Les affrontements sanglants et violents qui avaient alors éclaté, à la suite de ce drame, entre les citoyens et les forces de l’ordre avaient fait, selon l’ONU, 300 morts et des centaines de blessés et contraint le président déchu Zine El Abidine Ben Ali, le 14 janvier, à quitter le pouvoir et à fuir son pays en direction de l’Arabie Saoudite.
Les protestations contre le chômage, la pauvreté et la cherté de la vie, à l’origine purement sociales, se sont vite transformées en revendications politiques visant un changement radical du régime et appelant à une nouvelle ère de démocratie et d’alternance au pouvoir, à la consécration des libertés fondamentales individuelles et collectives et au respect des droits de l’homme.

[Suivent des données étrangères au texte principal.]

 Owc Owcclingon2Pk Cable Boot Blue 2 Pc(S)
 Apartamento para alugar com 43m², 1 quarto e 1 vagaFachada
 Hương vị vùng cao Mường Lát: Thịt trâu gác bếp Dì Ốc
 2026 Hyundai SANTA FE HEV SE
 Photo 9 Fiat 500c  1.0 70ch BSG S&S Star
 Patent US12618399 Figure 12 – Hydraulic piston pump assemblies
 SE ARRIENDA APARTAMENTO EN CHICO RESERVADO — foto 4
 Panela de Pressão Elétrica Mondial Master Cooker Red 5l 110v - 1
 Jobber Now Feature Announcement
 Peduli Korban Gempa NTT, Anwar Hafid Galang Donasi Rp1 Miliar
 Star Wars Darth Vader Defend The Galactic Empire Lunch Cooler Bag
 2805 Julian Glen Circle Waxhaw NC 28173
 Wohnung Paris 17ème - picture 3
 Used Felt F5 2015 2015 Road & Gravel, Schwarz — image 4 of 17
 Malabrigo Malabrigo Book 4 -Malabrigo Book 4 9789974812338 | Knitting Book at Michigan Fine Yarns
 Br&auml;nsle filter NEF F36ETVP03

Selon les observateurs, ces évènements ont révélé l’échec de la politique de développement adoptée par l’ancien régime notamment au niveau des régions les plus défavorisées de l’intérieur du pays. 80% des entreprises et de projets économiques et de services sont regroupés dans les régions du littoral alors que celles de l’intérieur ne bénéficient que de 20% de ces entreprises.
Conformément à la Constitution, l’intérim de la présidence de la république a été assuré, après le départ du président Ben Ali, par le président de la chambre des députés, Fouad Mebazaa.
Après dissolution du parlement et gel de la Constitution de 1959, les partis politiques ont convenu de préparer l’étape de transition et de confier la gestion des affaires courantes du pays à un gouvernement intérimaire en attendant l’élection d’une Assemblée constituante qui sera chargée de rédiger une nouvelle constitution.
Les autorités publiques avaient dans ce contexte accordé l’agrément à des dizaines de partis interdits à l’époque de l’ancien président déchu, Zine El Abidine Ben Ali dont le mouvement Islamiste “Ennahdha” dirigé par cheikh Rached Ghannouchi et le Congrès pour la République dirigé par Moncef El Marouzki. Le parti du président déchu, le Rassemblement Constitutionnel Démocratique (RCD), a été, quant à lui, dissout.